Well, it seems The Thrill Is Gone, and Time wants someone to share the pain. So far, the cast of would-be suitors is rumoured to include Microsoft, Google and Comcast, and Yahoo.
I understand the dowry for anyone willing to don a tuxedo and a ring is 20 million subscribers and a small herd of goats. Is AOL worth it? That all depends on the goats.

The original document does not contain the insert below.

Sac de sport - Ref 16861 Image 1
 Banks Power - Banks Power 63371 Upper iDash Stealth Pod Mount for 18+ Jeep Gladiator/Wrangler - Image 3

Bad Moon: Verizon Cringester, Bill O, was shocked when Verizon charged him $US146.55 for downloading software to his Treo 650, even though he'd used a broadband connection - not Verizon's network - to fetch the files. After he complained to the FCC, the wireless carrier quickly nixed the bill. A company spokesperson claimed Verizon only charges for connection time when its wireless network is used for downloads, but some handhelds (like the Treo) may sign on to Verizon despite what you tell them to do. It seems you can't leave some devices to their own devices.
Burnin' Down the Mouse: HP has recalled more than 135,000 notebook batteries, warning that they could get warm enough to roast your peanuts. They're the hottest thing to come out of HP since the secret videos of Carly Fiorina and Michael Capellas practicing friendly takeovers.
Quattro Pro Quo: Reader Jim B suggests those interested in ancient software pay a visit to Borland's online museum, where you can download copies of Turbo Pascal 1.0, among other dusty gems. I understand DOS 3.0 is poised to make a comeback as well. Hey, if Bobby 'Monster Mash' Pickett can do it, anybody can.
Introducing the iPod Jiggle: A British futurologist predicts that breast implants may one day contain useful items such as MP3 players. Come to think of it, the iPod's thumbwheel does look a little like ... an intriguing input device.